> [The data]:
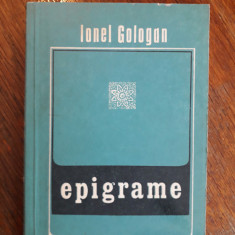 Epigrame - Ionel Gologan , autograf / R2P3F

==

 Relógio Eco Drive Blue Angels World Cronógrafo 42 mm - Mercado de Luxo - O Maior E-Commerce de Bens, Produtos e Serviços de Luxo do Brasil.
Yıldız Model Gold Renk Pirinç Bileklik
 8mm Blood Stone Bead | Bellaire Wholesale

> [Activity]: Take the line above containing "Yıldız Model Gold Renk Pirinç Bileklik", the line containing "8mm Blood Stone Bead | Bellaire Wholesale", and all lines in between, and copy them exactly without anything else.

> [Solution below]:
Yıldız Model Gold Renk Pirinç Bileklik
 8mm Blood Stone Bead | Bellaire Wholesale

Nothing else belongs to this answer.